The generated BED files are holding the temporary annotation data created by circtools enrich.

  • .gtf_features.bed: Contains one row for each feature extract from the supplied genome annotatation (only in if -i is used)
  • .gtf_genes.bed: Conatins one for for each gene entry from the supplied genome annotation
  • .bed_circles.bed: Contains all supplied CircRNAs in BED format

*.log

The log file generated by circtools enrich.

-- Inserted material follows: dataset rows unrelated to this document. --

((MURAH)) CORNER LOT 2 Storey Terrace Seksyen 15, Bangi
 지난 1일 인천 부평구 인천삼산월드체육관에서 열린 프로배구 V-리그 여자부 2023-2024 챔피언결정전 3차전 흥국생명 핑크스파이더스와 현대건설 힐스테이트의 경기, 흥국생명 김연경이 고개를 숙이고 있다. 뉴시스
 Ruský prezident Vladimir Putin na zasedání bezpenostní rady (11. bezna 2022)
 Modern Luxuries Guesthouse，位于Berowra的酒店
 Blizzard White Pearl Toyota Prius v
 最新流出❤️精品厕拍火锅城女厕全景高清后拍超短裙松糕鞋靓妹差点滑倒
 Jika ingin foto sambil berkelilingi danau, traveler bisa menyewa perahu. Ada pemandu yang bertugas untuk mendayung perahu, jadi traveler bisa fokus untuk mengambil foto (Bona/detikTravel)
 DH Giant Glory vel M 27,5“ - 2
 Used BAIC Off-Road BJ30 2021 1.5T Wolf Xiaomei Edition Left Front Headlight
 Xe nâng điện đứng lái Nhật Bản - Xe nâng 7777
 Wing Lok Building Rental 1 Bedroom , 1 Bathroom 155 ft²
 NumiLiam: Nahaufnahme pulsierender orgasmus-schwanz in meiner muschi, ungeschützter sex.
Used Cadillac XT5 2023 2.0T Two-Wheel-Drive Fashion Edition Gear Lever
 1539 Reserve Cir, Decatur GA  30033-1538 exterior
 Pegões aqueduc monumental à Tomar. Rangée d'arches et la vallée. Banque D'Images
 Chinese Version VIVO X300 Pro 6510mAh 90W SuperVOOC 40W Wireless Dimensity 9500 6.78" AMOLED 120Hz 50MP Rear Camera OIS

Additional graphical visualzation

Circtools is bundled with an additional R-script to post-process the raw data of the enrichment module. In order to be used with the visualization script, the enrich data has to be slightly preprocessed. The visualzation script is designed to work with multiple sets of peaks, i.e. multiple different eCLIP data sets.

Pre-processing

In case an experiment has been performed with multiple eCLIP datasets the following command may be used to merge all runs into one CSV file with a new first column that contains the file name of the originating run (assuming 2000 iterations):

awk '{{print FILENAME"\t"$0}}' *2000*.csv | sed 's/_2000_.*.csv//g' | grep -v circRNA_host_gene  > groups.csv

When slightly modified, the same command may be used to transform a single eCLIP experiment into a file ready for visualzation:

awk '{{print YOUR_EXP_NAME_HERE"\t"$0}}' *2000*.csv | sed 's/_2000_.*.csv//g' | grep -v circRNA_host_gene  > groups.csv

Subsequently, the transformed data file may be used for visualzation:

Plotting

circtools_enrich_visualization.R groups_circ.csv 0.05 10 10 groups.pdf  "Your experiment description" colour False

Result

_images/enrichment_visualization.png

Visualization of results generated by the enrichment module. a) Top 10 circRNAs enriched (p<0.05) for eCLIP peaks for the data set. b) Top 10 RBPs with enrichment within the flanking introns (max. +/- 2kb) of the significantly enriched circRNA candidates c) Detailed view of the RBP eCLIP peaks enriched in the exons of isoform 1 of circN4BP2L2 d) Combined view of circRNAs enriched for RBP eCLIP peaks in the flanking introns and the landscape of the RBPs that are enriched within the flanking intronics regions.